- _Directions for this task_
A precise copy of the data is required, with every picture left out.

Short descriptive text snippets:
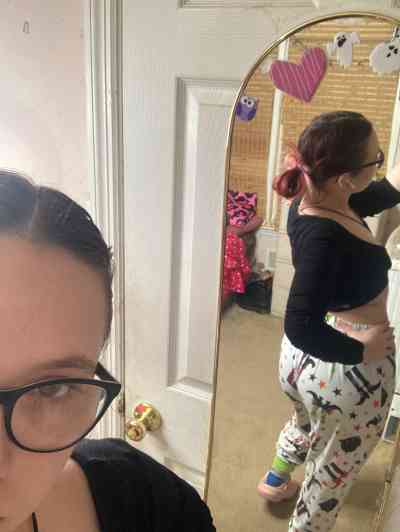 28 year old Escort in Allentown PA I'M Emily 🍑💦ACTIVE 24/7 Sexy, Young, and Ready 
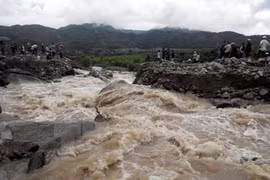 Inundaciones provocan más de 20 muertos y desaparecidos en Indonesia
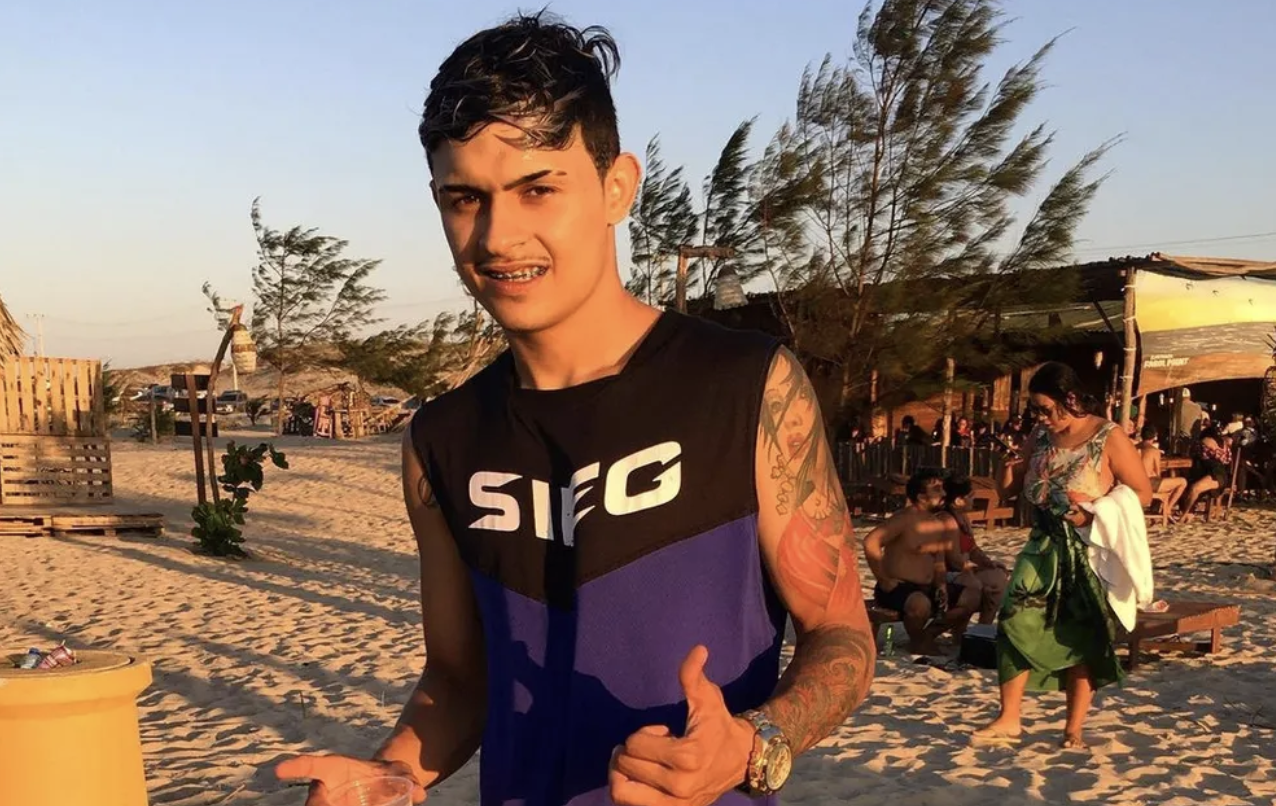 Ex-PM é condenado a 16 Anos por assassinato de jovem algemado em delegacia com mais de 10 tiros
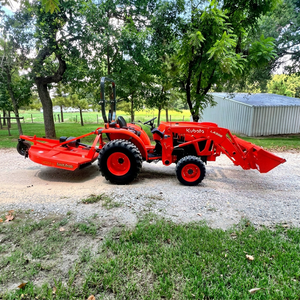 Tractor de ruedas Kubota LA355 con cargador frontal y accesorio de segadora, color rojo, con bomba hidráulica MOOG, capacidad de carga nominal de 9 toneladas. - Product Image 1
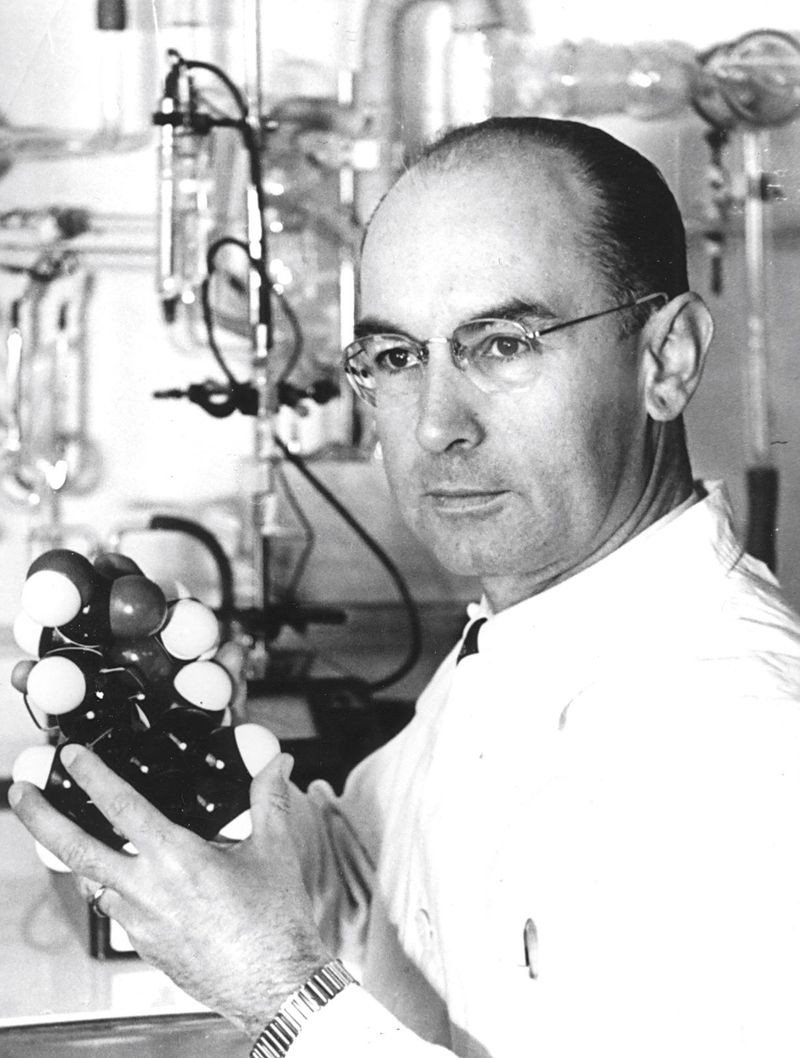 1943 – Albert Hofmann Discovers LSD’s Effects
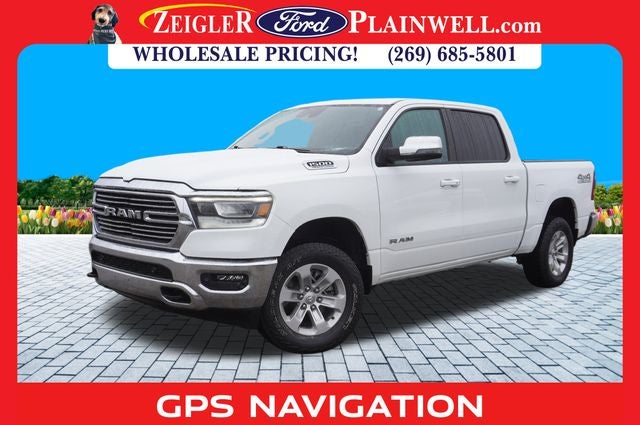 2024 RAM 1500 Laramie Crew Cab 4x4 PANORAMIC ROOF HEATED LEATHER 5.7 L H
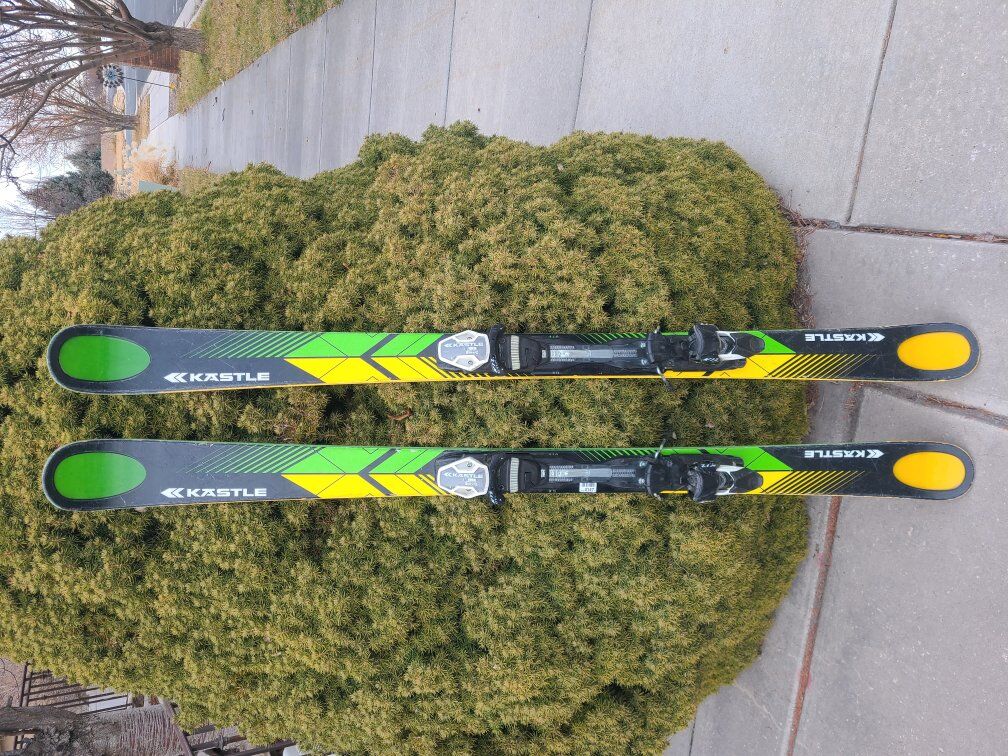 160cm twin tip freeride and freestyle skis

- _Task result_
 28 year old Escort in Allentown PA I'M Emily 🍑💦ACTIVE 24/7 Sexy, Young, and Ready 
 Inundaciones provocan más de 20 muertos y desaparecidos en Indonesia
 Ex-PM é condenado a 16 Anos por assassinato de jovem algemado em delegacia com mais de 10 tiros
 Tractor de ruedas Kubota LA355 con cargador frontal y accesorio de segadora, color rojo, con bomba hidráulica MOOG, capacidad de carga nominal de 9 toneladas. - Product Image 1
 1943 – Albert Hofmann Discovers LSD’s Effects
 2024 RAM 1500 Laramie Crew Cab 4x4 PANORAMIC ROOF HEATED LEATHER 5.7 L H
 160cm twin tip freeride and freestyle skis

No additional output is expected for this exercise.